The Nuclear Regulatory Commission’s 90-day review of the lessons learned from the meltdowns and radioactive release at Fukushima produced substantial new information that raised health and safety concerns that now must be considered in formal environmental impact statements, the groups contend. Because of this, existing environmental impact statements for all reactors in the licensing process fail to satisfy the requirements of NEPA, and issuing licenses prior to the completion of supplemental environmental impact statements would be illegal.
“The NRC’s own ‘A-Team’ of experts warns that severe accidents must be considered in the U.S.,” said Jim Warren of NC WARN today, whose group is challenging the design approval of the Westinghouse AP1000 and new license applications by Duke Energy and Progress Energy. “Federal law does not allow the NRC commissioners to ignore those warnings in order to accommodate the nuclear industry.”
“Significant regulatory changes are needed to ensure that existing or new nuclear reactors do not pose unacceptable safety and environmental risks to the public,” said Dr. Arjun Makhijani, a nuclear expert who prepared a declaration being filed with the contentions. “In light of the disastrous and ongoing events at Fukushima, it is clear that the issues of public safety raised by the Task Force are exceptionally grave.”

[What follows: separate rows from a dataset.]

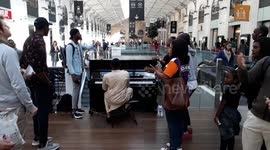 Gospel singers lift spirits at Paris train station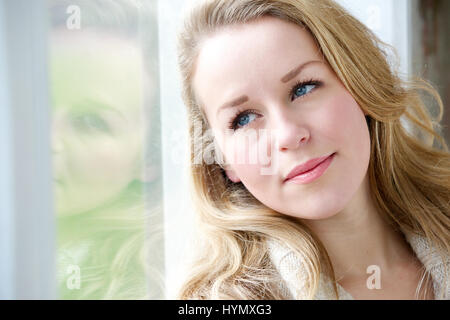 Close up portrait of a young woman gazing out window Banque D'Images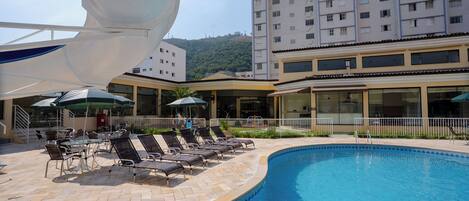 Zona de piscina con sillones de descanso y sombrillas, rodeada por un edificio de varios pisos y vista a una colina.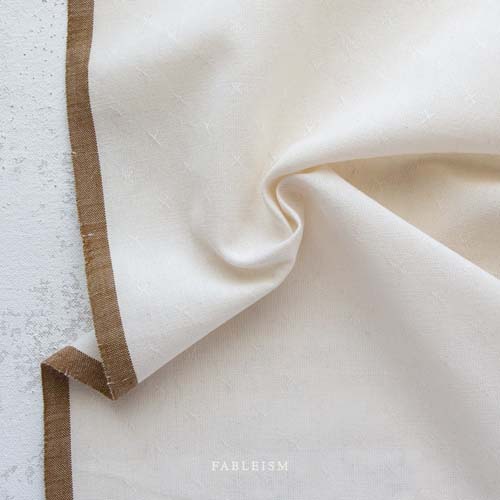 Sprout Woven - Sugar - Cream texture w/a small woven "x"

The delays that could result from additional analysis are likely to be substantial, and it is possible license applications could be rejected altogether at the end of the licensing process. If a license is issued prior to the NRC conducting the required environmental analyses, the commission could be held accountable by federal courts.
A list of the 26 groups filing contentions with the NRC today follows. The contentions address reactors at facilities including Diablo Canyon, Watts Bar, Bellefonte, Summer, South Texas, Comanche Peak, Vogtle, Turkey Point, Indian Point, Calvert Cliffs, Davis-Besse, Seabrook, Fermi, Levy, Shearon Harris, North Anna, Bell Bend and W.S. Lee.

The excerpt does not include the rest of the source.